Coxa Vara with short femoral necks is seen on radiograph of hips. The hallmark of this condition is intra-osseous fluid-filled herniations affecting the acetabulum that is seen on conventional radiographs as benign radiolucent acetabular lesions. These herniations and intra-articular communications are best identified on MRI. There is mild synovial thickening and rim-like enhancement of the fluid-filled bursae.[6] The presence of coxa vara is variable with studies reporting figures between 50% and 90%.

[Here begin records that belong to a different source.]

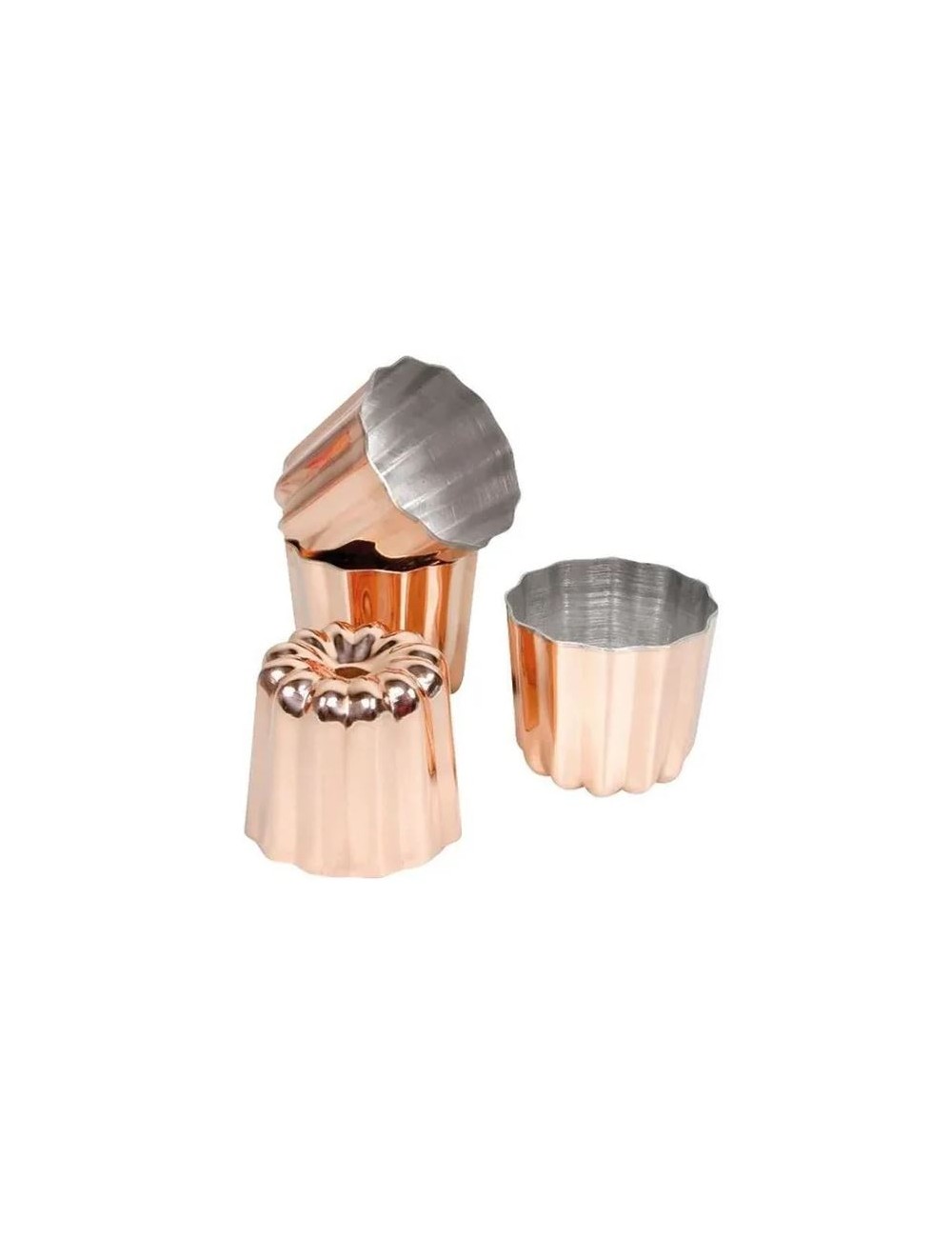 MOULE CANNELE CUIVRE 35MM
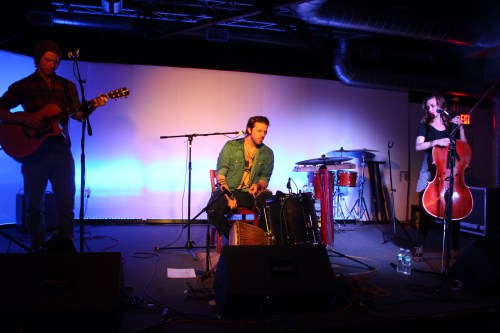 Martin Earley, Devin Mauch, and Calin Peters are The Ballroom Thieves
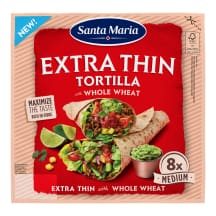 Plonos pilnagrūdės tortilijos SM, 240g, 8 vnt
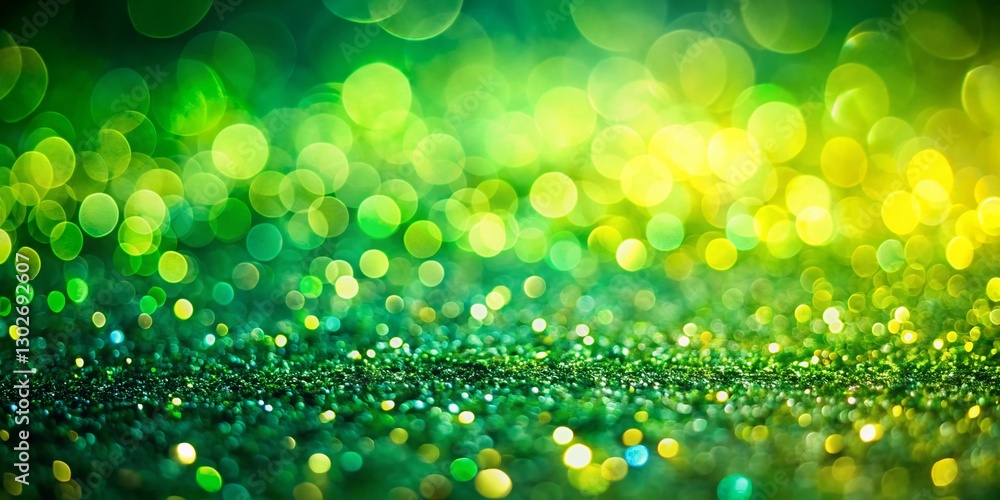 Obraz premium Miniature Emerald Lime Green Yellow Gradient Background with Noise Texture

Pericarditis is a variable finding and has been reported in up to 30% of CACP, and it may be mild and self-limited.

Laboratory investigations including ESR, CRP, and full blood count are normal in patients with CACP syndrome.

Synovial fluid in this condition is clear, honey-coloured, and low in cell count. The synovial histology shows little or no mononuclear infiltration, but there is a typically described multinucleated giant cells infiltration.[6] Giant cells have been identified as macrophage in origin based on CD68 expression and electron microscopic features of macrophages.[7]

Studies involving synovial fluid examination from a patient with CACP showed that hyaluronic acid molecules adopted an extended and more rigid conformation, suggesting that synovial fluid lacking lubricin would be less able to dissipate the energy of impact that occurs during motion. Jay et al., (2007) concluded that lubricin provides a chondroprotective feature to synovial fluid that is distinct from the role lubricin plays at the cartilage surface as a boundary lubricant.[8]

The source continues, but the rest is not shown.